◆ **YOUR GOAL**
Emit a verbatim copy of the lines below from the line with "You may be a father, and" through the line with "Hi everyone. In", excluding pictures and everything outside that range.

◆ **DATASET RECORDS**
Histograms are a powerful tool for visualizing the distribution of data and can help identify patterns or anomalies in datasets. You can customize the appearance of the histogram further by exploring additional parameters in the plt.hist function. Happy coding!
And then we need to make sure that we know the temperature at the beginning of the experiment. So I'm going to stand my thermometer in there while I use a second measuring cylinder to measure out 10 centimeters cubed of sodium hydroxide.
* * *
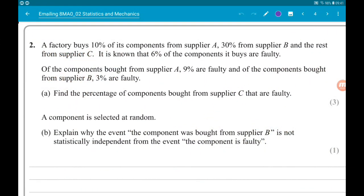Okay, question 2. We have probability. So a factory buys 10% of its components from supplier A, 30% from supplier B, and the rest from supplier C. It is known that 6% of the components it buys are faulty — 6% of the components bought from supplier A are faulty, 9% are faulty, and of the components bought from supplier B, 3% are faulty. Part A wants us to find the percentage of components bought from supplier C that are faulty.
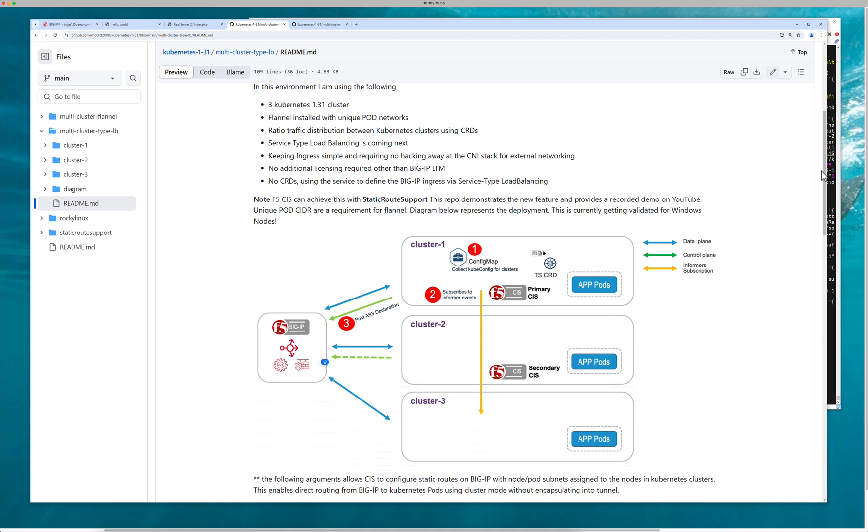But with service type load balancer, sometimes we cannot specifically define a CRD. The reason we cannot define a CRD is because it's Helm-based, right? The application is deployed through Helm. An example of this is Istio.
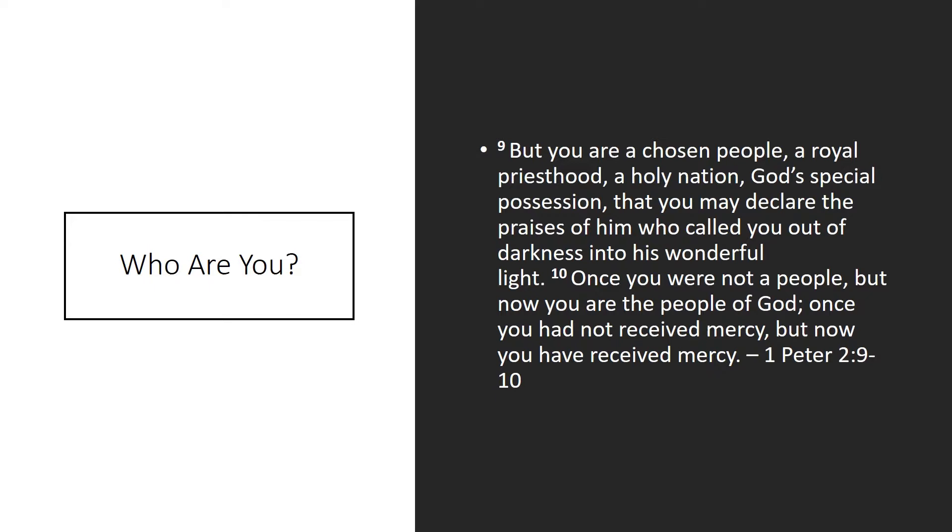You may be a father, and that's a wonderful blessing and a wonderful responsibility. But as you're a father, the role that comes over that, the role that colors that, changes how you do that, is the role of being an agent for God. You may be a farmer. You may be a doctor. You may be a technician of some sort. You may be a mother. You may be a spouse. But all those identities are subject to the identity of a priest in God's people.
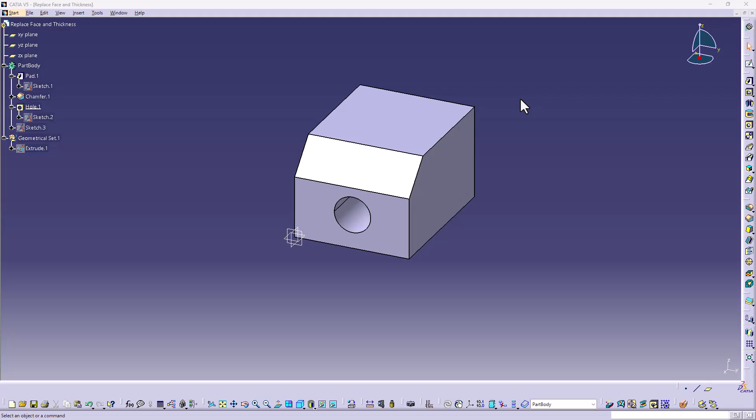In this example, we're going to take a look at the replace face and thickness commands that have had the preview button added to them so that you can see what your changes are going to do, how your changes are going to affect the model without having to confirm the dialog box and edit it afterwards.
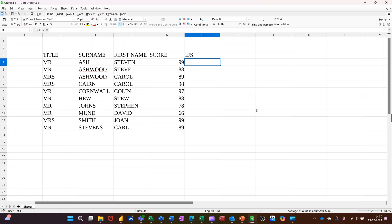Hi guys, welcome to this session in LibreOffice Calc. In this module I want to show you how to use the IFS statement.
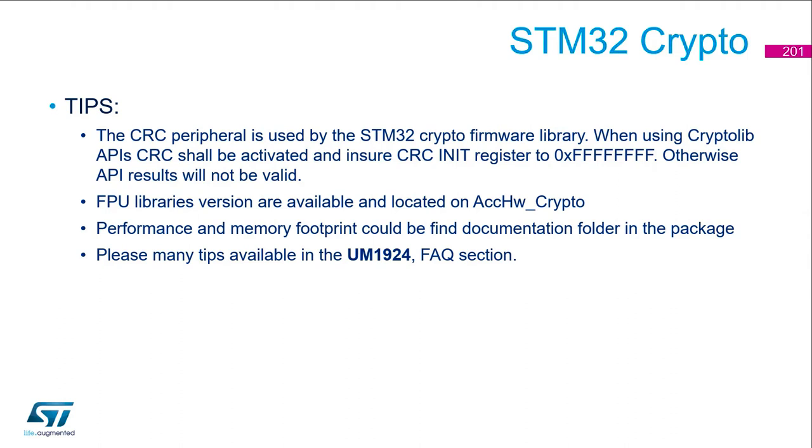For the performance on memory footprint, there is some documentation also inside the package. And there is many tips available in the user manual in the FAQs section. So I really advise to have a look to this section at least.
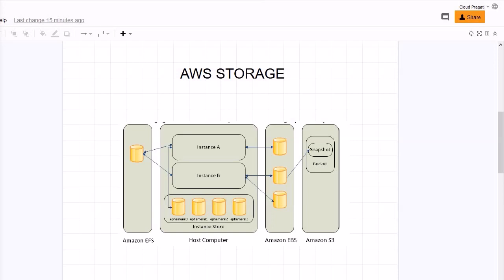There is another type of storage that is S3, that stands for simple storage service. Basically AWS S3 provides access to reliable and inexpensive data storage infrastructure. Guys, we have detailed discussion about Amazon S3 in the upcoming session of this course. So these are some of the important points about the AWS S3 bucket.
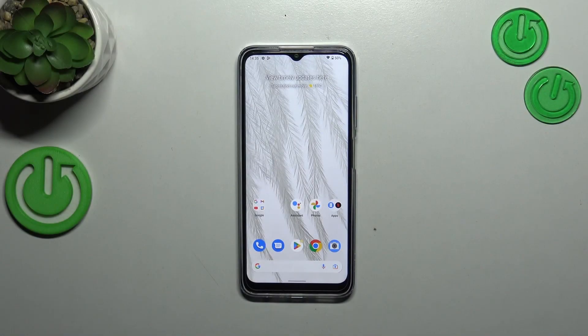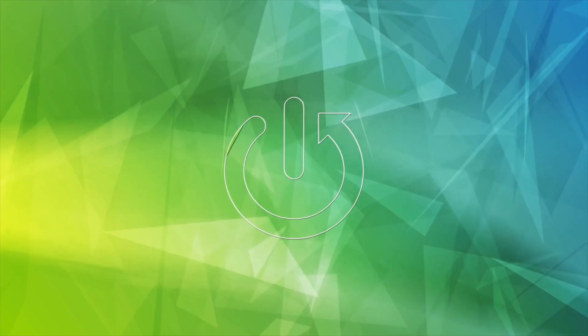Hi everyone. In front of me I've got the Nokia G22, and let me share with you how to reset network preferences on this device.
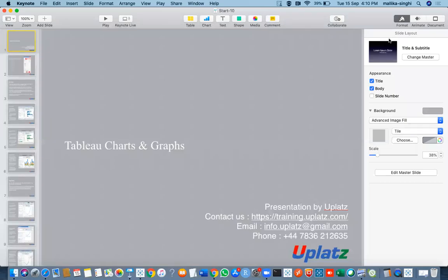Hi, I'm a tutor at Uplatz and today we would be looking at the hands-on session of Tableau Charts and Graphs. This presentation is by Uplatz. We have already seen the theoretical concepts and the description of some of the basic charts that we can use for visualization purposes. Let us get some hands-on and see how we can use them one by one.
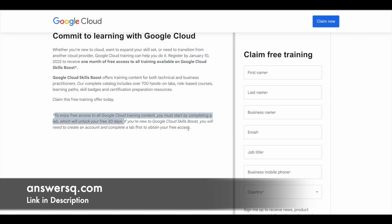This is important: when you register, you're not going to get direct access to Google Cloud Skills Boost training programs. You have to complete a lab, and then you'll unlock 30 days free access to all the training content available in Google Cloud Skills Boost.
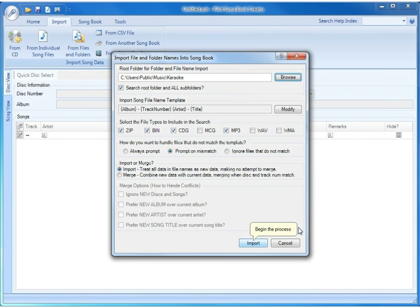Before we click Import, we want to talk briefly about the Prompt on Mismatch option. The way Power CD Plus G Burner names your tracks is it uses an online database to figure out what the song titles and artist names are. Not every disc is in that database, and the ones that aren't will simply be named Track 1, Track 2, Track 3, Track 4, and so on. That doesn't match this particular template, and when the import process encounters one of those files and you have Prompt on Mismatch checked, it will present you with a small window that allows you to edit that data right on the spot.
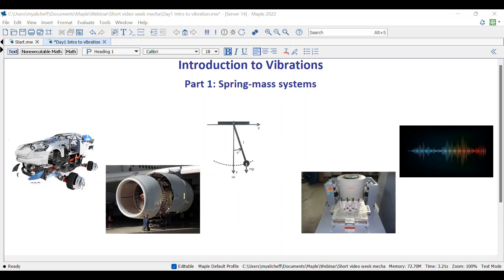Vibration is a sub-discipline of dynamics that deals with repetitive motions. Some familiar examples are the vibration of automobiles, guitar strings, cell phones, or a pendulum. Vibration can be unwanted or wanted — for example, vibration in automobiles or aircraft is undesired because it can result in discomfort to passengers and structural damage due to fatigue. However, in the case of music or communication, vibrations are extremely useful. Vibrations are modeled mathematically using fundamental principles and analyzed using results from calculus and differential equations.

◆ **THE ANSWER**
You may be a father, and that's a wonderful blessing and a wonderful responsibility. But as you're a father, the role that comes over that, the role that colors that, changes how you do that, is the role of being an agent for God. You may be a farmer. You may be a doctor. You may be a technician of some sort. You may be a mother. You may be a spouse. But all those identities are subject to the identity of a priest in God's people.
In this example, we're going to take a look at the replace face and thickness commands that have had the preview button added to them so that you can see what your changes are going to do, how your changes are going to affect the model without having to confirm the dialog box and edit it afterwards.
Hi guys, welcome to this session in LibreOffice Calc. In this module I want to show you how to use the IFS statement.
For the performance on memory footprint, there is some documentation also inside the package. And there is many tips available in the user manual in the FAQs section. So I really advise to have a look to this section at least.
There is another type of storage that is S3, that stands for simple storage service. Basically AWS S3 provides access to reliable and inexpensive data storage infrastructure. Guys, we have detailed discussion about Amazon S3 in the upcoming session of this course. So these are some of the important points about the AWS S3 bucket.
Hi everyone. In front of me I've got the Nokia G22, and let me share with you how to reset network preferences on this device.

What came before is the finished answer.